**DATA SUPPLIED:**
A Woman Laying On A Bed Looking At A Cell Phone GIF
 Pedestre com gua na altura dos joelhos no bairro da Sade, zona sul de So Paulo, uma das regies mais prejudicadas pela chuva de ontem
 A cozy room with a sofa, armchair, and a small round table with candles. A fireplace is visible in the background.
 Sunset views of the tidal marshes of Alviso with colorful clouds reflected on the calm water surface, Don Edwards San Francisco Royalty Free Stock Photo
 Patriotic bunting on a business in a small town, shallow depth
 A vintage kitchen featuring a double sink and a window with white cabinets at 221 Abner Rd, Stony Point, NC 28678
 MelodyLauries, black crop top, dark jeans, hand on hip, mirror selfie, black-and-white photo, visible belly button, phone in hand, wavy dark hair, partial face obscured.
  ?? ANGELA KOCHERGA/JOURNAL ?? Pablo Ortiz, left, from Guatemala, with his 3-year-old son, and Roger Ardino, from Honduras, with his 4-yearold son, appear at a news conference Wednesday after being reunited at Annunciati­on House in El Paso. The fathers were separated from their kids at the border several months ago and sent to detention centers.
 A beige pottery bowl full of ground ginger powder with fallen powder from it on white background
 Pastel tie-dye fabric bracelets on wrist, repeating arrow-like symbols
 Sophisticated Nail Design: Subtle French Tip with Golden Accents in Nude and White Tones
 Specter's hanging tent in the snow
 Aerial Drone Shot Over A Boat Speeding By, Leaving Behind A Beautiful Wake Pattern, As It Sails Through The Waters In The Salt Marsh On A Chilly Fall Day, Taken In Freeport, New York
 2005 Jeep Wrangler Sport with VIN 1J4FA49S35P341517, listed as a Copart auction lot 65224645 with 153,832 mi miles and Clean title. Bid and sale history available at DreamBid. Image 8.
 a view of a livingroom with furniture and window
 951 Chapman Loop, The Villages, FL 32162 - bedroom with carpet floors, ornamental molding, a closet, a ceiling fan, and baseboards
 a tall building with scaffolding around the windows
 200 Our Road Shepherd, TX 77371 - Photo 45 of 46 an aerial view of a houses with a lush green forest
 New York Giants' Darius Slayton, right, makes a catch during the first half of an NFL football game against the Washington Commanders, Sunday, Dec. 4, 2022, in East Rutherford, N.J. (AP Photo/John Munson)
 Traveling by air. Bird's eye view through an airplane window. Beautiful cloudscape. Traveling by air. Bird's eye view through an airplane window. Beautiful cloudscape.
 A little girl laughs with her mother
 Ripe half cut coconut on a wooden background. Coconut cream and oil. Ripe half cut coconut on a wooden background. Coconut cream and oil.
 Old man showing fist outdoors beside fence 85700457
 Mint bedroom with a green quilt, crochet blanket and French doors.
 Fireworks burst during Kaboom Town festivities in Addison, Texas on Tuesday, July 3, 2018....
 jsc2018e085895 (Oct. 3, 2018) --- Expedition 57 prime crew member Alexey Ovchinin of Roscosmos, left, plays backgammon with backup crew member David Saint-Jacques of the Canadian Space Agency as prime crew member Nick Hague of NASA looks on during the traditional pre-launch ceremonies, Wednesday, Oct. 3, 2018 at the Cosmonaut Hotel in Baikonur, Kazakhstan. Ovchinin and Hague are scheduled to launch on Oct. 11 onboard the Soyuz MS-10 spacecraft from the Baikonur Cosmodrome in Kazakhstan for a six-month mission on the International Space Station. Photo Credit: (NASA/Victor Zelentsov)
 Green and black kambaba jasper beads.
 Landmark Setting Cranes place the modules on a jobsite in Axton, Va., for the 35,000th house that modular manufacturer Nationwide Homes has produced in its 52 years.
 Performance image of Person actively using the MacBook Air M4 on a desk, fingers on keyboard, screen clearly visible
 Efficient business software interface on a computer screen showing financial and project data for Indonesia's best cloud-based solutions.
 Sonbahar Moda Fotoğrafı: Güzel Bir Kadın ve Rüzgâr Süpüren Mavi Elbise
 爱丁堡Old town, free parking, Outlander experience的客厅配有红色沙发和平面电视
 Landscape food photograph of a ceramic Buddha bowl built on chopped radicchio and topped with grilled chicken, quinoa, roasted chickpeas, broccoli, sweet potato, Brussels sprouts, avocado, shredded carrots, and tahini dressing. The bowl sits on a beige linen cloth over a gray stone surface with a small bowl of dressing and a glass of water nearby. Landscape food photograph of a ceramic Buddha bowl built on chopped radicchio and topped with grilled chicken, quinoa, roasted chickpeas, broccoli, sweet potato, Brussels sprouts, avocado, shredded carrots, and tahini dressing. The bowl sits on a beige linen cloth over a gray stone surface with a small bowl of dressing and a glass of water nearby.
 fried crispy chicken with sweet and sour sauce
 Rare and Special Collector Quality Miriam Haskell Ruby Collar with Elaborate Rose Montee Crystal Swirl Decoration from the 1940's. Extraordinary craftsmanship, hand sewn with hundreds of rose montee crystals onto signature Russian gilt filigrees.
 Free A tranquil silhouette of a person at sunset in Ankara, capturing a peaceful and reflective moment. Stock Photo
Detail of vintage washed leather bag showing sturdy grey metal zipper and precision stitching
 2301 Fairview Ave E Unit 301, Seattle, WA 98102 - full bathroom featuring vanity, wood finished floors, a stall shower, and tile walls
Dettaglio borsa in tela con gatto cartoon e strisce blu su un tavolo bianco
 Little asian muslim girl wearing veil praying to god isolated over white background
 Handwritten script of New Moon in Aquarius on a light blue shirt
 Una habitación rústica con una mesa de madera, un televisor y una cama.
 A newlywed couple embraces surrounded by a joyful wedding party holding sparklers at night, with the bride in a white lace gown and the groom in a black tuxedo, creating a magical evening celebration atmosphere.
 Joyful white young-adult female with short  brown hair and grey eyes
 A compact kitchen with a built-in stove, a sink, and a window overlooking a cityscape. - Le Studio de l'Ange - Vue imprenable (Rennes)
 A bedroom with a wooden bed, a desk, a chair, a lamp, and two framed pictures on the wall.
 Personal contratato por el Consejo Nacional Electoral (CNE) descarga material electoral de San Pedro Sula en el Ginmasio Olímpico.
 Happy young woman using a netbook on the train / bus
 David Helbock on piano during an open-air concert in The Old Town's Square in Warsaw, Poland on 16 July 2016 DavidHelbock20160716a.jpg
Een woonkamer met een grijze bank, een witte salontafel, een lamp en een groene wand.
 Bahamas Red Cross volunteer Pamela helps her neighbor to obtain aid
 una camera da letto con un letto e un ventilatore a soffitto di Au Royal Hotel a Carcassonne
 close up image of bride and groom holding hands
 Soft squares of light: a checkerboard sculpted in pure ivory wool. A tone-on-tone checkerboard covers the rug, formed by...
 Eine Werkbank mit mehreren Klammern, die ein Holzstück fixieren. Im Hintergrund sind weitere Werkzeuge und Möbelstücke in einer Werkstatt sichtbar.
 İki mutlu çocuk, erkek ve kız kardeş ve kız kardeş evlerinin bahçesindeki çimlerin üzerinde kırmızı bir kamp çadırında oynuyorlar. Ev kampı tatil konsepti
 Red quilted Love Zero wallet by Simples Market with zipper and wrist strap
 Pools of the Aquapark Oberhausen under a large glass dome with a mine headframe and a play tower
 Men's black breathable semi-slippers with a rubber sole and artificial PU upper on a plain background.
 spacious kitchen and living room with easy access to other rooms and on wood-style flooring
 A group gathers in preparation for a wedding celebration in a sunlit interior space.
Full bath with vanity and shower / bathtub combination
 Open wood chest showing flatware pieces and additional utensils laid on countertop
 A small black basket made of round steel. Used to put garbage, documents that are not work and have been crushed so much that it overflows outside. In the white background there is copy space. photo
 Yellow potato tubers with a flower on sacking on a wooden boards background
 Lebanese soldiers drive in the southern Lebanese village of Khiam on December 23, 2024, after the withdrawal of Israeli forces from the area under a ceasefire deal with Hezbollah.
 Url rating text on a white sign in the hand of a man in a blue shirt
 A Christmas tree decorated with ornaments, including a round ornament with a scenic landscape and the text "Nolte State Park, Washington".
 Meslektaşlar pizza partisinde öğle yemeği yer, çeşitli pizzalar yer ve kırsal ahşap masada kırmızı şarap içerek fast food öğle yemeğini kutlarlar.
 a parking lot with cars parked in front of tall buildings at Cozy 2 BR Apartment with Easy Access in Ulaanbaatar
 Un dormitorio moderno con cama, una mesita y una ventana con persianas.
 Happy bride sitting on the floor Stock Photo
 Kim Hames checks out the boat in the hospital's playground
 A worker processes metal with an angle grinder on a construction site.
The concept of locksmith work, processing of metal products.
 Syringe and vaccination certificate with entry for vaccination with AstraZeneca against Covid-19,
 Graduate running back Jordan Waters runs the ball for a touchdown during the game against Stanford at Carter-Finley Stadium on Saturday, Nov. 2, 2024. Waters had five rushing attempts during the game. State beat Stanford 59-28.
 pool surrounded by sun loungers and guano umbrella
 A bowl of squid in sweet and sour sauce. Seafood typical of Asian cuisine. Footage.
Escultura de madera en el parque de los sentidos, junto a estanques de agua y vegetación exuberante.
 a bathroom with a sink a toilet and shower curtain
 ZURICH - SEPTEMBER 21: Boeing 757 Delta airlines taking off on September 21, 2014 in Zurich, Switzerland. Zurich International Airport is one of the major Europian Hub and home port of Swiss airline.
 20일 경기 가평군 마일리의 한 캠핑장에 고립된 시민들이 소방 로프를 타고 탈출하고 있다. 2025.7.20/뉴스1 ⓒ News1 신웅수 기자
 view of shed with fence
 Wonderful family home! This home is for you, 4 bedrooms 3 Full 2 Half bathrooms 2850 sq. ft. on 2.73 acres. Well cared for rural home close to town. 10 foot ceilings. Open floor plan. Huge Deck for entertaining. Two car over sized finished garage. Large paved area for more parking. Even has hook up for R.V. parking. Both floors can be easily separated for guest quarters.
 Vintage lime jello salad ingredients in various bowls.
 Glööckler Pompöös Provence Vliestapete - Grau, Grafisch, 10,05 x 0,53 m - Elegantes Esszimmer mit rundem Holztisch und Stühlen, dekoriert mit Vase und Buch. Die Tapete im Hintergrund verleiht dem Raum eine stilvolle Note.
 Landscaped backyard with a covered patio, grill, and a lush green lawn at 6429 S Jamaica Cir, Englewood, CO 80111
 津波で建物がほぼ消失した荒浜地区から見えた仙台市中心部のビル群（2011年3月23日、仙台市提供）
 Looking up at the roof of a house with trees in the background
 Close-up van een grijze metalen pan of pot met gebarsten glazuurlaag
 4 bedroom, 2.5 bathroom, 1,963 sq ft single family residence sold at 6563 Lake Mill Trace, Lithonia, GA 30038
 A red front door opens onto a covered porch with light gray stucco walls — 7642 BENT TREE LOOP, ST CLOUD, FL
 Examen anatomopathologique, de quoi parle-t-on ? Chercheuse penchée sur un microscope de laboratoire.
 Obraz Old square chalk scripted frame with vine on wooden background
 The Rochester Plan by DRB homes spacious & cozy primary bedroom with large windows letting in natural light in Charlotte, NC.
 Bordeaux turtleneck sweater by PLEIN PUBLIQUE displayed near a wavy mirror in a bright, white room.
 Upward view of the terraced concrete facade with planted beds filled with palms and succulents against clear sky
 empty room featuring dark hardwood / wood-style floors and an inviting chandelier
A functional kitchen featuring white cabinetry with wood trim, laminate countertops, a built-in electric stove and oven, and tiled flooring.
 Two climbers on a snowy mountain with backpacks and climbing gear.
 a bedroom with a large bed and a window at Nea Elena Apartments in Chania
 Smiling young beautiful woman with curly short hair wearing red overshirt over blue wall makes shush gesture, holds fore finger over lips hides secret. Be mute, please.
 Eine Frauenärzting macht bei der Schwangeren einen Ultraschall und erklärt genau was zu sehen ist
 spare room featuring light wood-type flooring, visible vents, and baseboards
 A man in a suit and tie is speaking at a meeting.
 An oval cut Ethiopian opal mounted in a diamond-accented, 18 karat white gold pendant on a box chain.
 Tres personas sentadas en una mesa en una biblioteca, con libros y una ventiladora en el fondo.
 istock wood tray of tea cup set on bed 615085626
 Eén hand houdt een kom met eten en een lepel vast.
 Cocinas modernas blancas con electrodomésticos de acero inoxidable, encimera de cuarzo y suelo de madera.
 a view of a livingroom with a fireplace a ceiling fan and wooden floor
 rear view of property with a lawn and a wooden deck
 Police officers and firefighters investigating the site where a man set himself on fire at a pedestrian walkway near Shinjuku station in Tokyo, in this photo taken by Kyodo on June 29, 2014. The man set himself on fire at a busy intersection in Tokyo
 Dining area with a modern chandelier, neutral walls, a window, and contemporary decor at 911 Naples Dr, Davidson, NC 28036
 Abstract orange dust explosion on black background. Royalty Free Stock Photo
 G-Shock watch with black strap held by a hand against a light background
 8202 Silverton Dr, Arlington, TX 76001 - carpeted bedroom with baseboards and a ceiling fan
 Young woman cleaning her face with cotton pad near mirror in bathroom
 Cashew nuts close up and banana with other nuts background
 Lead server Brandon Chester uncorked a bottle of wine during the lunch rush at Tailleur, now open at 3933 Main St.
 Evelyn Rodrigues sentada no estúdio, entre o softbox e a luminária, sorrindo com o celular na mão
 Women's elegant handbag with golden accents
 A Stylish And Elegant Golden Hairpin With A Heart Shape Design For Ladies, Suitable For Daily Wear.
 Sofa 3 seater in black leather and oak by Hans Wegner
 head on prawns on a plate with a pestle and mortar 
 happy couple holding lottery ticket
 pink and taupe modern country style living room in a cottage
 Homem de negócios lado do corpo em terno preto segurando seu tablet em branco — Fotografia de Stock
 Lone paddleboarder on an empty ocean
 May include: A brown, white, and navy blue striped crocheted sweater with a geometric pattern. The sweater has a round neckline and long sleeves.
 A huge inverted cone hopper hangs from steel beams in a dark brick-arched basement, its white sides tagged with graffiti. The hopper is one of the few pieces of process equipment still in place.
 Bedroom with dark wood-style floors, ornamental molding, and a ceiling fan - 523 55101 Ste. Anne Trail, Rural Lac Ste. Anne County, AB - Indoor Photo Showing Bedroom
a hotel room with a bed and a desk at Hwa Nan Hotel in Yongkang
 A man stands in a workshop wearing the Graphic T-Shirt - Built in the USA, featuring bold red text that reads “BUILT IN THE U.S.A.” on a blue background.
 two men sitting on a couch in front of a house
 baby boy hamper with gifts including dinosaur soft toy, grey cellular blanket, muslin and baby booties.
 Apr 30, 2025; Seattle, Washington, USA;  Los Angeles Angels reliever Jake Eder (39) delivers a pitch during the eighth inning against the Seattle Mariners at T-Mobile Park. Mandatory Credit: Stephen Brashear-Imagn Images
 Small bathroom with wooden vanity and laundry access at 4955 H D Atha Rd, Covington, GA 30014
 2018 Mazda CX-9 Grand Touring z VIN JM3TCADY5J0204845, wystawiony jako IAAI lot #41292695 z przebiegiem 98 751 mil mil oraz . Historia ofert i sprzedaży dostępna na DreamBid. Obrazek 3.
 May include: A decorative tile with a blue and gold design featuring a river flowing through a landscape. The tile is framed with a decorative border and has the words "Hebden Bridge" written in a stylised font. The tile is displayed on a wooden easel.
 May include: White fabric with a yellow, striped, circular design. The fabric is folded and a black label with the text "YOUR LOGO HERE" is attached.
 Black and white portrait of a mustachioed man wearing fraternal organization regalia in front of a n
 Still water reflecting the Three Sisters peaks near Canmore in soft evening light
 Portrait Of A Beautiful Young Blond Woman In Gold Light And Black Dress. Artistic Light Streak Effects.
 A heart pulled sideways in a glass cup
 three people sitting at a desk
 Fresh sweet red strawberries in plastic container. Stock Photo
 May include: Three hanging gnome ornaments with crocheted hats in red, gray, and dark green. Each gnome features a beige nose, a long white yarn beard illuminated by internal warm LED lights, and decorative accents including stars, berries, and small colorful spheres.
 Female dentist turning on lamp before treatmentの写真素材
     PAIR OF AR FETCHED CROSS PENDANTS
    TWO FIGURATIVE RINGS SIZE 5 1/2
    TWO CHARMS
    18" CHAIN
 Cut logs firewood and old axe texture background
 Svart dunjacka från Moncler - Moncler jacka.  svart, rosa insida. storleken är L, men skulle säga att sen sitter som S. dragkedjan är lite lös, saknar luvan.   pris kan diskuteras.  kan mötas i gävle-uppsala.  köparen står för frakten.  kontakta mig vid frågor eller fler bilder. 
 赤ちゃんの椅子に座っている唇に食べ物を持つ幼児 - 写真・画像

**AIM OF THE TASK:** From the data above, return every line from the line that has "Looking up at" up to and including the line that has "Tres personas sentadas", exactly.

**WRITTEN REPLY:**
 Looking up at the roof of a house with trees in the background
 Close-up van een grijze metalen pan of pot met gebarsten glazuurlaag
 4 bedroom, 2.5 bathroom, 1,963 sq ft single family residence sold at 6563 Lake Mill Trace, Lithonia, GA 30038
 A red front door opens onto a covered porch with light gray stucco walls — 7642 BENT TREE LOOP, ST CLOUD, FL
 Examen anatomopathologique, de quoi parle-t-on ? Chercheuse penchée sur un microscope de laboratoire.
 Obraz Old square chalk scripted frame with vine on wooden background
 The Rochester Plan by DRB homes spacious & cozy primary bedroom with large windows letting in natural light in Charlotte, NC.
 Bordeaux turtleneck sweater by PLEIN PUBLIQUE displayed near a wavy mirror in a bright, white room.
 Upward view of the terraced concrete facade with planted beds filled with palms and succulents against clear sky
 empty room featuring dark hardwood / wood-style floors and an inviting chandelier
A functional kitchen featuring white cabinetry with wood trim, laminate countertops, a built-in electric stove and oven, and tiled flooring.
 Two climbers on a snowy mountain with backpacks and climbing gear.
 a bedroom with a large bed and a window at Nea Elena Apartments in Chania
 Smiling young beautiful woman with curly short hair wearing red overshirt over blue wall makes shush gesture, holds fore finger over lips hides secret. Be mute, please.
 Eine Frauenärzting macht bei der Schwangeren einen Ultraschall und erklärt genau was zu sehen ist
 spare room featuring light wood-type flooring, visible vents, and baseboards
 A man in a suit and tie is speaking at a meeting.
 An oval cut Ethiopian opal mounted in a diamond-accented, 18 karat white gold pendant on a box chain.
 Tres personas sentadas en una mesa en una biblioteca, con libros y una ventiladora en el fondo.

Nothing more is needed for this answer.